350.000 Euro Bundesfördermittel für Kloster Wettenhausen

Foto: © Kloster Wettenhausen / Rico Grund

 

Sehr gefreut habe ich mich über die Nachricht aus dem Bundeskanzleramt, dass das Kloster Wettenhausen 350.000 Euro aus dem „Denkmalschutzsonderprogramm VIII“ des Bundes erhält.

Dafür hatte ich mich bei der Kulturstaatsministerin des Bundes, Prof. Monika Grütters, sowie bei den verantwortlichen Haushaltspolitikern des Bundestages mit Nachdruck eingesetzt. Bewilligt wurde nun der gesamte beantragte Förderbetrag in Höhe von 350.000 Euro, nicht nur ein Teilbetrag. Das ist bei einem Programmvolumen von insgesamt 40 Millionen Euro und mit Blick auf die vielen kulturell bedeutenden Denkmäler in ganz Deutschland keine Selbstverständlichkeit. Das zeigt die herausragende Bedeutung der historischen Klosteranlage weit über die Grenzen des Landkreises Günzburg, ja über die Grenzen des Freistaats Bayern hinaus.

Mit dem Geld wollen die Dominikanerinnen und die eigens für die Sanierung des Klosters gegründete Gesellschaft im Prälatenbau aus dem Jahr 1690 statische Sicherungsmaßnahmen vornehmen, den Brandschutz ertüchtigen und die Barrierefreiheit verbessern. Diese Arbeiten stehen in direktem Zusammenhang mit der Einrichtung des Klostermuseums und dem Zugang zum Kaisersaal. Dabei müssen einige denkmalpflegerische Vorgaben eingehalten werden, die die Baumaßnahmen schwieriger und teurer machen. Allein die Maßnahmen in diesem Bauabschnitt kosten ca. 1,2 Millionen Euro.
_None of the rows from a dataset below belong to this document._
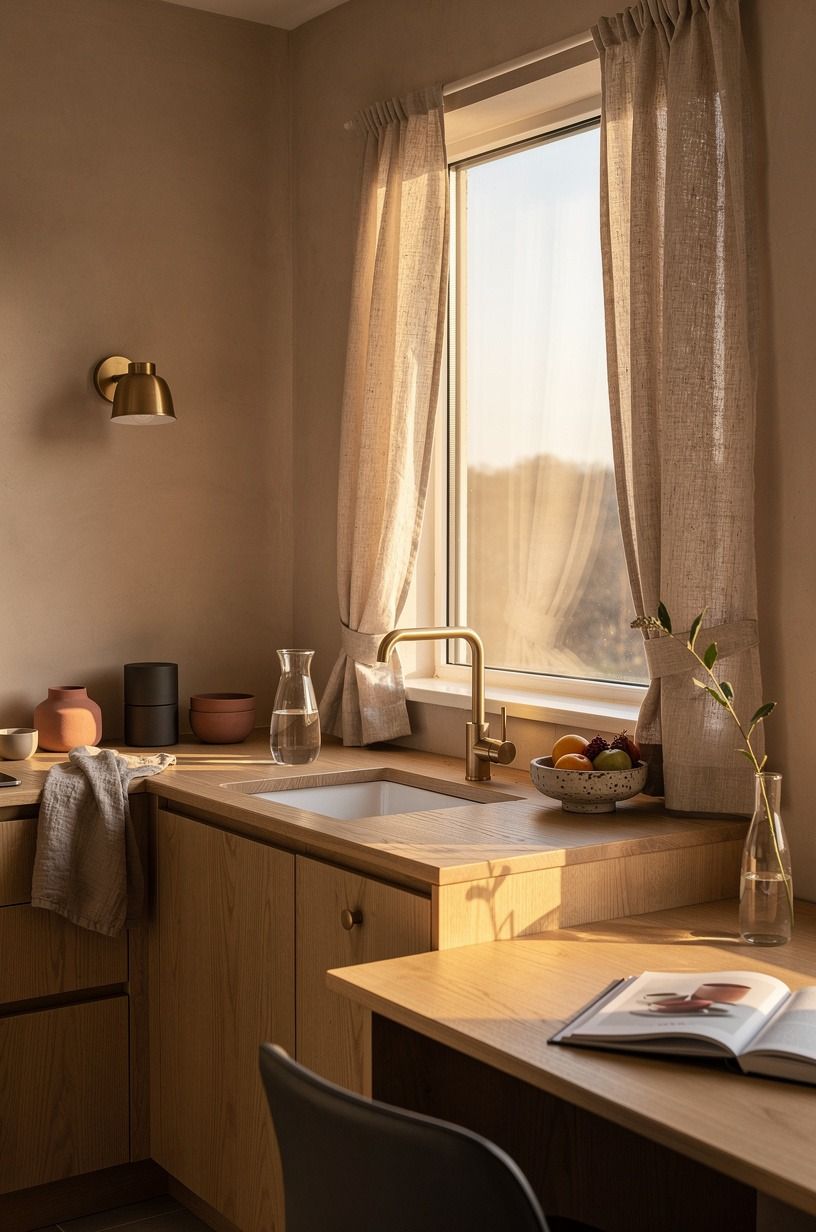 Layer linen cafe curtains over bare glass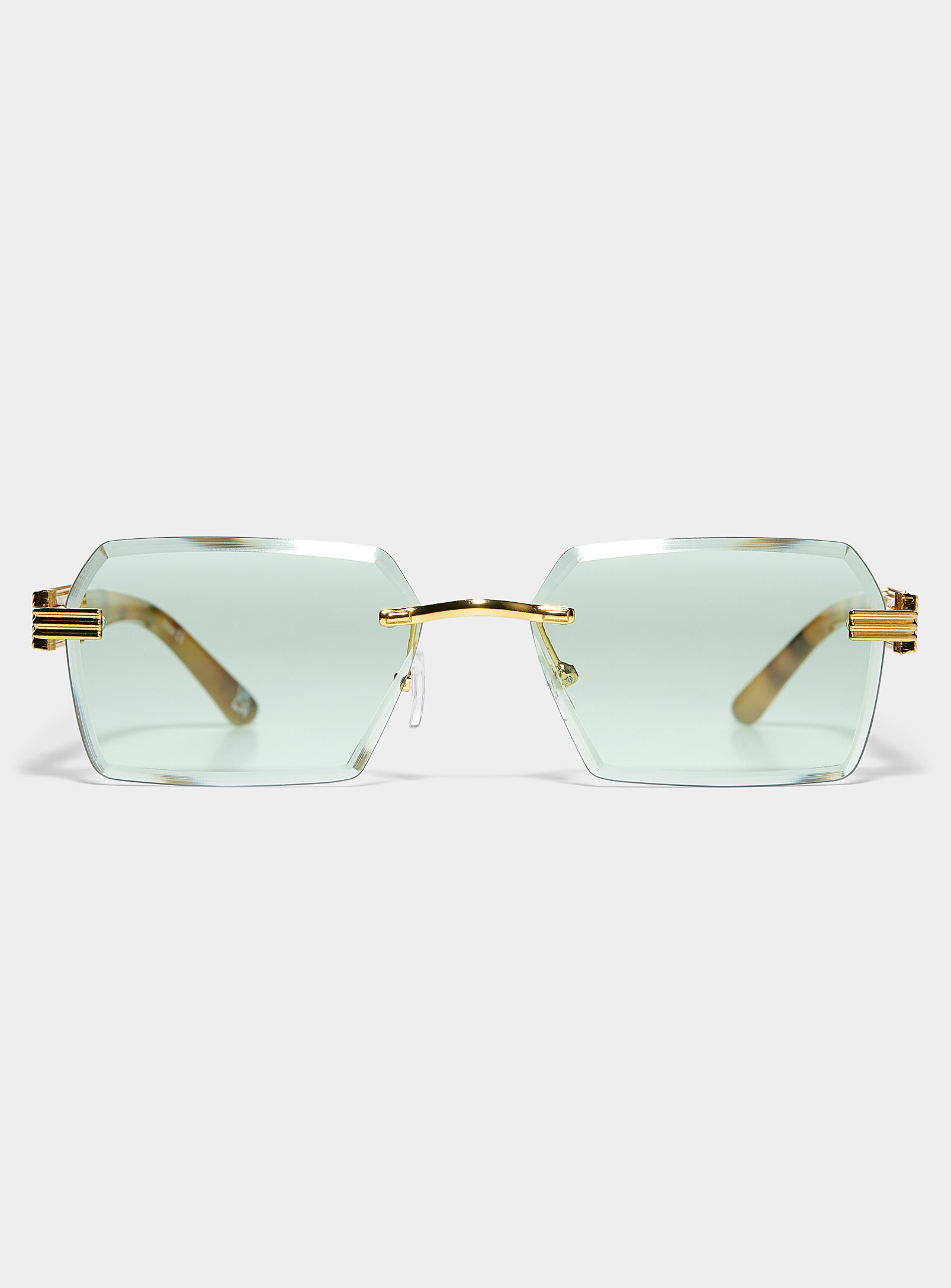 Aire Nebula Maximalist-temple Rimless Sunglasses In Green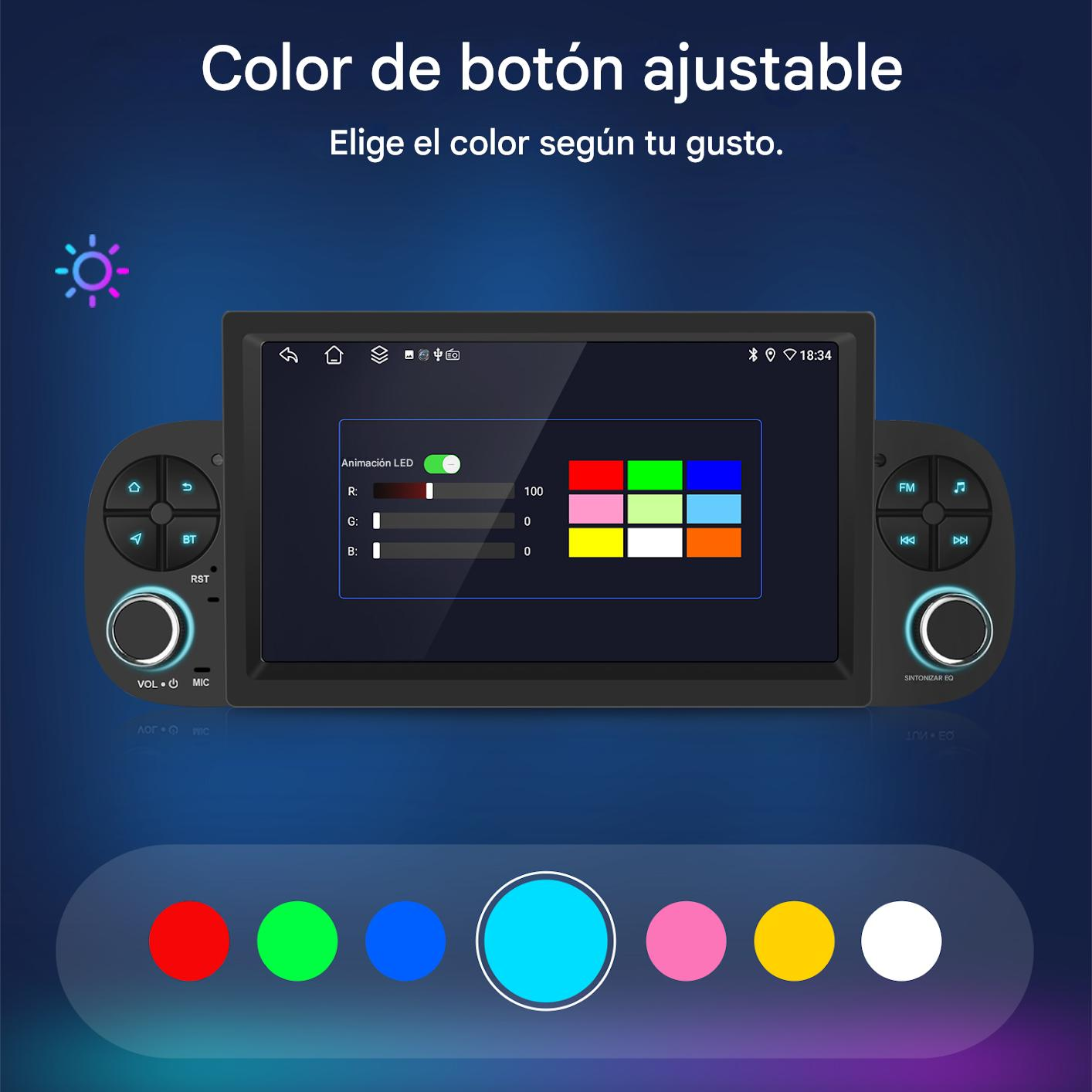 Pantalla de radio de coche con opciones de color. Controles laterales. Texto en español. Opciones de selección de color abajo.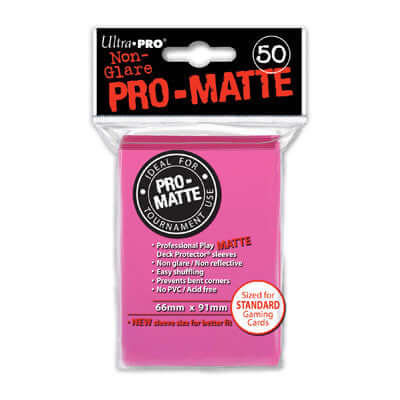 Accessoires Knalroze Deck Protectors Pro-Matte Non-Glare voor standaard kaarten (66x91 mm). Een pakje bevat 50 deck protectors.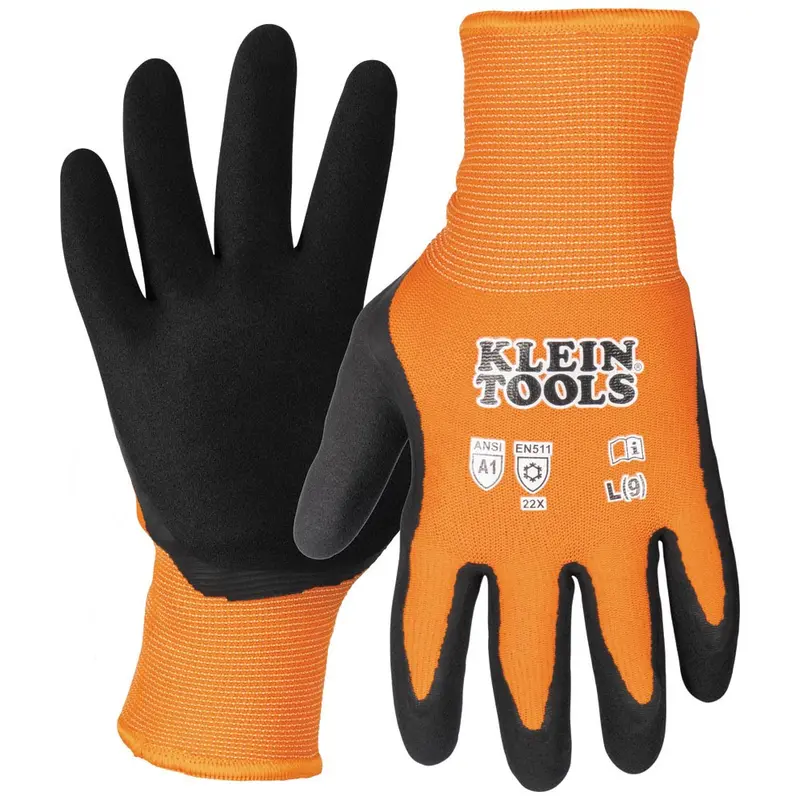 Klein 60836 Winter-Ready Knit Dipped Gloves – Touchscreen-Compatible, Cut Level A1, Large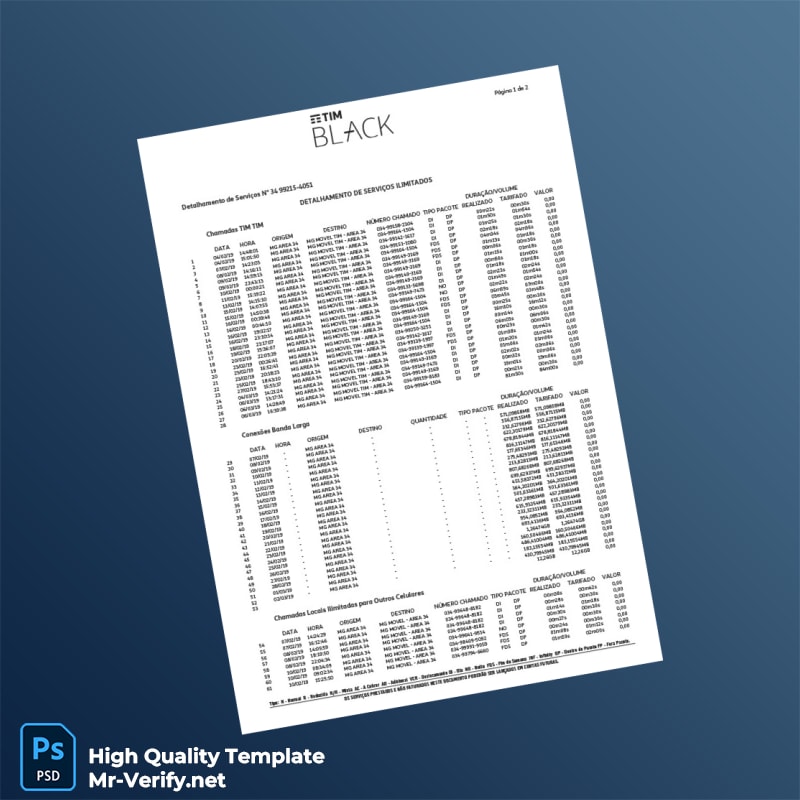 Brazil TIM Invoice Template in Word and PDF formats page 5 Brazil TIM Invoice Template in Word and PDF formats page 5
Die Komplettsanierung wird noch viel mehr Geld verschlingen. Aber das Kloster ist ja auch nicht von einem Tag auf den anderen entstanden. Da sind Geduld, Beharrlichkeit und Zielstrebigkeit gefragt – Qualitäten, die die Schwestern und die Projektgesellschaft unter der Leitung von Hubert Hafner jun. zweifelsohne mitbringen. Damit wir das Mammutprojekt in seiner Gänze verwirklichen können, setze ich mich derzeit bei den zuständigen Haushaltspolitikern meiner Fraktion für eine Verstetigung der Förderung mit noch höherem Fördervolumen ein. Leicht ist diese Aufgabe auch mit Blick auf die jetzt bekannt gewordene Steuerschätzung der Bundesregierung allerdings nicht. Aber versuchen muss und will ich es. Dass wir unser Kloster Wettenhausen nicht nur erhalten, sondern zu einem vielseitigen Begegnungsort ausbauen können, ist ein ehrbares Ziel, das ich zusammen mit meinen CSU-Kollegen vor Ort mit voller Kraft unterstütze.